Organisatie | Hoogheemraadschap van Schieland en de Krimpenerwaard |
---|---|
Organisatietype | Waterschap |
Officiële naam regeling | Beleidsregel toepassing ontzilt zeezand |
Citeertitel | Beleidsregel toepassing ontzilt zeezand 2009 |
Vastgesteld door | dagelijks bestuur |
Onderwerp | milieu |
Eigen onderwerp | milieu – water |
Deze beleidsregel geldt tot de inwerkingtreding van het Waterbeheersplan 2009-2015.
Datum ondertekening inwerkingtredingsbesluit: Onbekend
Bron bekendmaking inwerkingtredingsbesluit: Onbekend
Wet verontreiniging oppervlaktewateren,
Geen
Datum inwerkingtreding | Terugwerkende kracht tot en met | Datum uitwerkingtreding | Betreft | Datum ondertekening Bron bekendmaking | Kenmerk voorstel |
---|---|---|---|---|---|
01-01-2009 | nieuwe regeling | 01-01-2009 IJssel- en Lekstreek, ........................... | Onbekend | ||
29-11-2006 | 01-01-2009 | nieuwe regeling | 03-10-2006 De Postiljon, ed. Zoetermeer, 03-11-2006 | Onbekend |
Beleidsregel toepassing ontzilt zeezand 2009
Het beleid van het hoogheemraadschap van Schieland en de Krimpenerwaard is erop gericht verzilting van oppervlaktewater tegen te gaan. Dit betekent dat bij de toepassing van zeezand in de buurt van oppervlaktewater aanvullende maatregelen zijn om deze verzilting ook daadwerkelijk tegen te gaan. Het toepassen van grond nabij oppervlaktewater is geregeld in het Besluit bodemkwaliteit. Het waterschap kan als bevoegd gezag voor toepassingen van grond of zand bij oppervlaktewater aanvullende maatwerkvoorschriften stellen om te voorkomen dat het oppervlaktewater nadelig wordt beïnvloed. Deze beleidsregel is bedoeld om te voorkomen dat het oppervlaktewater zouter wordt door de aanwezigheid van zeezand nabij een watergang.
Binnen het beheersgebied van Schieland en de Krimpenerwaard vinden vele infrastructurele werken plaats waarbij ontzilt zeezand in grote hoeveelheden als voorbelasting wordt toegepast. Diepe ontgrondingen waarbij zoet zand wordt gewonnen voor het bouwrijp maken van terreinen stroken niet met het provinciale beleid. In plaats van zoet zand gebruiken de aannemers daarom ontzilt zeezand bij de aanleg van wegen, industrieterreinen en woningbouwlocaties.
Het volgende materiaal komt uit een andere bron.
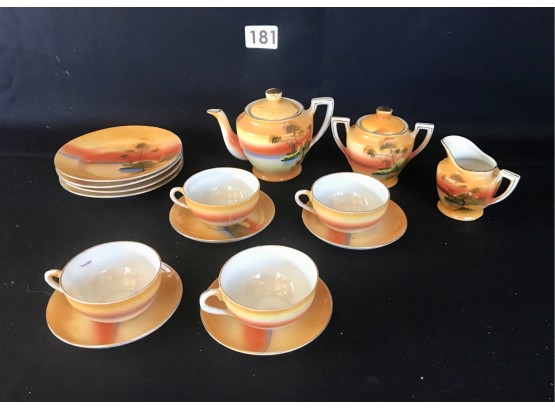 Vintage Japanese Child's Tea Set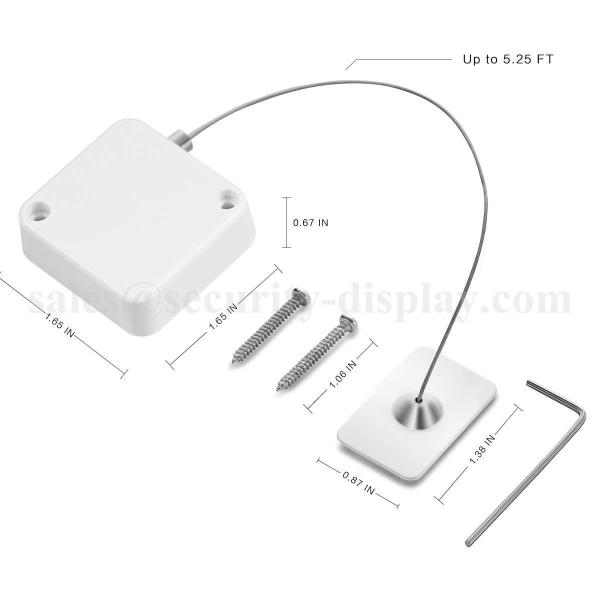 Quality Anti Theft Retractable Laptop Cable Lock For Hardware Security for sale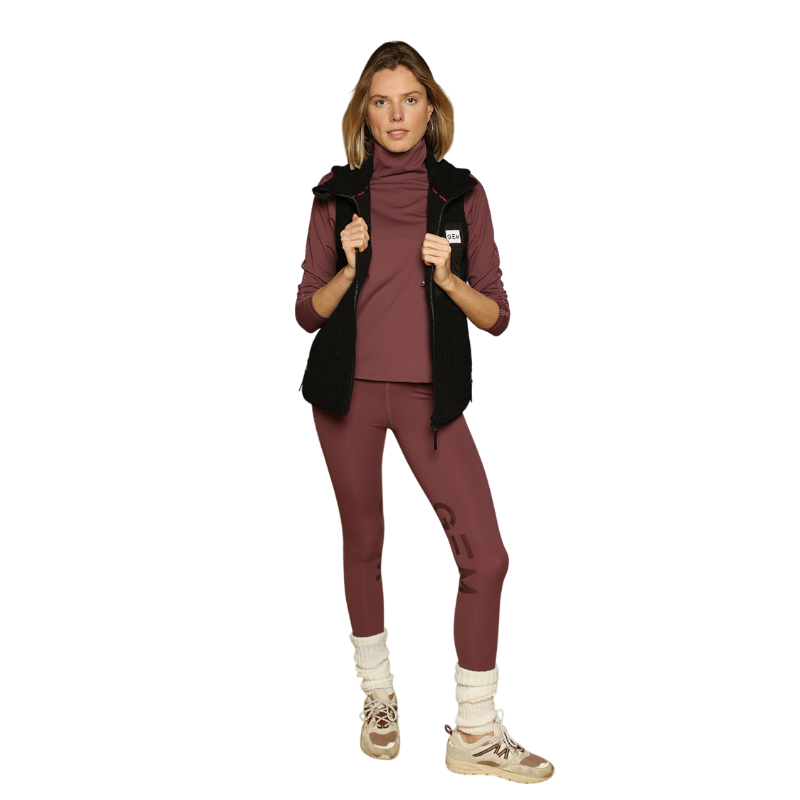 GEM - Polo manches longues femme Chichi lie de vin | - Ohlala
Sinds 1 juli 2008 vervangt het Besluit bodemkwaliteit het Bouwstoffenbesluit. Tot 1 juli 2008 was voor het toepassen van ontzilt zeezand klasse 3 een aanvullende Wvo-vergunning nodig voor grootschalige toepassingen van ontzilt zeezand, ook al voldeed de toepassing van het zand of de grond aan het Bouwstoffenbesluit. Dit had HHSK vastgelegd in de Beleidsregel ontzilt zeezand. Het Besluit bodemkwaliteit kent geen mogelijkheid tot het aanvullend verlenen van Wvo-vergunningen, maar bevat wel een zorgplichtbepaling. Dit betekent dat bovenop de bepalingen van het Besluit bodemkwaliteit maatwerkvoorschriften mogelijk zijn om te voorkomen dat het oppervlaktewater nadelig wordt beïnvloed. Aangezien het Besluit bodemkwaliteit zelf geen beperkingen bevat voor het uitlogen van chloride bij het toepassen van zeezand, is een beleidsregel als basis voor de maatwerkvoorschriften wenselijk.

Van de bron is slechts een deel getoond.